• WHAT YOU ARE ASKED TO DO: Retype the records below from their first line through the line containing "Çalışma yeri ve", and include nothing else.

Start of RECORDS SHOWN

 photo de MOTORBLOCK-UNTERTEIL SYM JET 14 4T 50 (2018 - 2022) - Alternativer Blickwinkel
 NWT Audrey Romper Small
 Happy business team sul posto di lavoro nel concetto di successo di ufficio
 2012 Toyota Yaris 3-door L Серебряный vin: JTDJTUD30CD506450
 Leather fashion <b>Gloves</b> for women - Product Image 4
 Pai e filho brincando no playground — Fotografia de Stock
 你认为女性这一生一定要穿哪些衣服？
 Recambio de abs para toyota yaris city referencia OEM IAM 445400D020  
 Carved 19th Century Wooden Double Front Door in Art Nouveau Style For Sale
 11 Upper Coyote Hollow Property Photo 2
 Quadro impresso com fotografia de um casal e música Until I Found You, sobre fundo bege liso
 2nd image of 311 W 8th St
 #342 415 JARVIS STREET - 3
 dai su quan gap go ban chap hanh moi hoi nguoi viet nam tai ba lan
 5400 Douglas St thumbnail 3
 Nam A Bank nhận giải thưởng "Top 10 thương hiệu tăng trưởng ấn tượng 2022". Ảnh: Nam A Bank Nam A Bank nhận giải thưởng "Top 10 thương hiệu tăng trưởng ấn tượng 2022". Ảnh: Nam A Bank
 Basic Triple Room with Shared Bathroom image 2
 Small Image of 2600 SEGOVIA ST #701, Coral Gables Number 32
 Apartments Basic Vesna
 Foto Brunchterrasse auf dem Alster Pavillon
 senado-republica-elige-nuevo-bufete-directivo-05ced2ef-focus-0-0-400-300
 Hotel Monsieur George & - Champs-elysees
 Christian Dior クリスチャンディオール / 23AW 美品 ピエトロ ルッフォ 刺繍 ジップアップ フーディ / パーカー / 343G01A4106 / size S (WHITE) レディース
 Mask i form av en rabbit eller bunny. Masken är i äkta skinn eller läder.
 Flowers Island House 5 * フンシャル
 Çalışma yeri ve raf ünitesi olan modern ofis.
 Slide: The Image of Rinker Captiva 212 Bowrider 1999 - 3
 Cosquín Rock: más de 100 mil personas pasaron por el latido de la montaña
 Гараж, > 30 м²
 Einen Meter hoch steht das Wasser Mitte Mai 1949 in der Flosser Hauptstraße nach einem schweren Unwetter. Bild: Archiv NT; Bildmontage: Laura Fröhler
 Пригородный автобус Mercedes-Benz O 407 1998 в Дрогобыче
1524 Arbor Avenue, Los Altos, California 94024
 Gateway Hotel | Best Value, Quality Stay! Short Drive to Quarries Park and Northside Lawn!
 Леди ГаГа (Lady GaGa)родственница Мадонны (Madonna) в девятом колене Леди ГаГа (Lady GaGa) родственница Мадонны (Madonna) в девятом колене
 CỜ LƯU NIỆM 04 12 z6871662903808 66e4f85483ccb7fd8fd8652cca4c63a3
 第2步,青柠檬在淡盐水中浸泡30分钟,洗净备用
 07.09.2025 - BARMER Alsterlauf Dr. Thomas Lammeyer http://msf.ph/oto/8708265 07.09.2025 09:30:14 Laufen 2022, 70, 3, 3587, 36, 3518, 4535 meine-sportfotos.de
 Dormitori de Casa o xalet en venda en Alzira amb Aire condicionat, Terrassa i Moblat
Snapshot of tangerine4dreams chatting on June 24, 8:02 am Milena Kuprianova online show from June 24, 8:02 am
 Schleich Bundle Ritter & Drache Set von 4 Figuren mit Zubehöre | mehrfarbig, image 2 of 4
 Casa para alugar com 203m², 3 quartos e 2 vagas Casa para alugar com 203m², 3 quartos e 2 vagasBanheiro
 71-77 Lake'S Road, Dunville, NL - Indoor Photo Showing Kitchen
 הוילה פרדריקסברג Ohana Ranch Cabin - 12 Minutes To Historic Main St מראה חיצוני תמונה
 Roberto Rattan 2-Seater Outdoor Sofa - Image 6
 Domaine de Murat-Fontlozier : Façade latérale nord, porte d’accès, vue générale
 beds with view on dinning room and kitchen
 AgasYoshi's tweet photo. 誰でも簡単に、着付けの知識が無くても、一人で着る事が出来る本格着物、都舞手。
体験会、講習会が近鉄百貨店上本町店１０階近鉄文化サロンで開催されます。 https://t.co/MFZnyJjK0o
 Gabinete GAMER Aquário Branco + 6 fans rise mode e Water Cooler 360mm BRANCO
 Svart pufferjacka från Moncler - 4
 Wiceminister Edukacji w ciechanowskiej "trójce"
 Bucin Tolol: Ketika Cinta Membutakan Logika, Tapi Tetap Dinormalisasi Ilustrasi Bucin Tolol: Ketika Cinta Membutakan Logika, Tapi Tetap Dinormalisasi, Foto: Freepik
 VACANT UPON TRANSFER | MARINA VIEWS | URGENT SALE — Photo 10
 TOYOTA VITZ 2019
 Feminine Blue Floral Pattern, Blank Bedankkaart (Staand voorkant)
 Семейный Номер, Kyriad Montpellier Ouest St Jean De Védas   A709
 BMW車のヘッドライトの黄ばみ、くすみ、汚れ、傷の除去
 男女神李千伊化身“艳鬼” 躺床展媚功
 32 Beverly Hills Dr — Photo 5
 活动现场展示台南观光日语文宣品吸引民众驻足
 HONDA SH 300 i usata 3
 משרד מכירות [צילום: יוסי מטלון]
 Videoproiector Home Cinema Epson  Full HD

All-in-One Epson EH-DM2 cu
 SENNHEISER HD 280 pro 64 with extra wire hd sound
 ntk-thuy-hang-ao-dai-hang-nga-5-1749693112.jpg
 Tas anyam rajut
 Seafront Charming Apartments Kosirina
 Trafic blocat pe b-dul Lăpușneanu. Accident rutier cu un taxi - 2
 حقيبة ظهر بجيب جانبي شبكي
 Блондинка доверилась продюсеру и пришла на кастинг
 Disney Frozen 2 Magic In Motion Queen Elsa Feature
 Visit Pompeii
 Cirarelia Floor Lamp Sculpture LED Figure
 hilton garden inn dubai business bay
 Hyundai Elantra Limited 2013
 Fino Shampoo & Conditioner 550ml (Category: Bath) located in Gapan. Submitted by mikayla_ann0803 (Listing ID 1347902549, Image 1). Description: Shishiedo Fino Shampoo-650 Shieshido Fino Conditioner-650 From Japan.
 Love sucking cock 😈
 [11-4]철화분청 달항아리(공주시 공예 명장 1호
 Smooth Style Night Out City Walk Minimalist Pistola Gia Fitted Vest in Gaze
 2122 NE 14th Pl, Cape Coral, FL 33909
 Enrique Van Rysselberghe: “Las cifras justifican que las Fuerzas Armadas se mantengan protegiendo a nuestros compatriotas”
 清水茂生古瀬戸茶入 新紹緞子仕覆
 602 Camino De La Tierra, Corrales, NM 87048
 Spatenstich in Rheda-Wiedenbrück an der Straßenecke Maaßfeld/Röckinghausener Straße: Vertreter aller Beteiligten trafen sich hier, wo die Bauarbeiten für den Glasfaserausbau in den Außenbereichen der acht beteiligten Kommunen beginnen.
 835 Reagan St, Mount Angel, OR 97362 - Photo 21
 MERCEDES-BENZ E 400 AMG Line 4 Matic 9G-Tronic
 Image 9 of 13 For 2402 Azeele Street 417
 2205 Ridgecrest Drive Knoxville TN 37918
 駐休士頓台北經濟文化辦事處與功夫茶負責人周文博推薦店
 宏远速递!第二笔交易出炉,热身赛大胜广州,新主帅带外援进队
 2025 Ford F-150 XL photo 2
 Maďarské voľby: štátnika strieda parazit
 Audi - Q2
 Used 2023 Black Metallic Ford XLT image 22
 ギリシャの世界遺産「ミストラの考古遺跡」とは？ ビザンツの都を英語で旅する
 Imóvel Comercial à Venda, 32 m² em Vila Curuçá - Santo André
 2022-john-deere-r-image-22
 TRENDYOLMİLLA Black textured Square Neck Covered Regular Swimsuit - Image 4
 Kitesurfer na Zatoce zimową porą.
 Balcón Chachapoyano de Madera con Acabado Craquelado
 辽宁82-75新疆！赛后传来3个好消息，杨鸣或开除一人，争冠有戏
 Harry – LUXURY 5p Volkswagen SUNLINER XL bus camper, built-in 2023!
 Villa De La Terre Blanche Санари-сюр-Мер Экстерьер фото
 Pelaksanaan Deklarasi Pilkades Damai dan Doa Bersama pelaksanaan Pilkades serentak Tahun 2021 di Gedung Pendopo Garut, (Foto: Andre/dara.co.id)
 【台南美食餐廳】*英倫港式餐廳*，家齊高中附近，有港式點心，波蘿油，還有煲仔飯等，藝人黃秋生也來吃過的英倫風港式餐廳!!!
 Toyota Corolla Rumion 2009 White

End of RECORDS SHOWN

• ANSWER FOR THE TASK:
 photo de MOTORBLOCK-UNTERTEIL SYM JET 14 4T 50 (2018 - 2022) - Alternativer Blickwinkel
 NWT Audrey Romper Small
 Happy business team sul posto di lavoro nel concetto di successo di ufficio
 2012 Toyota Yaris 3-door L Серебряный vin: JTDJTUD30CD506450
 Leather fashion <b>Gloves</b> for women - Product Image 4
 Pai e filho brincando no playground — Fotografia de Stock
 你认为女性这一生一定要穿哪些衣服？
 Recambio de abs para toyota yaris city referencia OEM IAM 445400D020  
 Carved 19th Century Wooden Double Front Door in Art Nouveau Style For Sale
 11 Upper Coyote Hollow Property Photo 2
 Quadro impresso com fotografia de um casal e música Until I Found You, sobre fundo bege liso
 2nd image of 311 W 8th St
 #342 415 JARVIS STREET - 3
 dai su quan gap go ban chap hanh moi hoi nguoi viet nam tai ba lan
 5400 Douglas St thumbnail 3
 Nam A Bank nhận giải thưởng "Top 10 thương hiệu tăng trưởng ấn tượng 2022". Ảnh: Nam A Bank Nam A Bank nhận giải thưởng "Top 10 thương hiệu tăng trưởng ấn tượng 2022". Ảnh: Nam A Bank
 Basic Triple Room with Shared Bathroom image 2
 Small Image of 2600 SEGOVIA ST #701, Coral Gables Number 32
 Apartments Basic Vesna
 Foto Brunchterrasse auf dem Alster Pavillon
 senado-republica-elige-nuevo-bufete-directivo-05ced2ef-focus-0-0-400-300
 Hotel Monsieur George & - Champs-elysees
 Christian Dior クリスチャンディオール / 23AW 美品 ピエトロ ルッフォ 刺繍 ジップアップ フーディ / パーカー / 343G01A4106 / size S (WHITE) レディース
 Mask i form av en rabbit eller bunny. Masken är i äkta skinn eller läder.
 Flowers Island House 5 * フンシャル
 Çalışma yeri ve raf ünitesi olan modern ofis.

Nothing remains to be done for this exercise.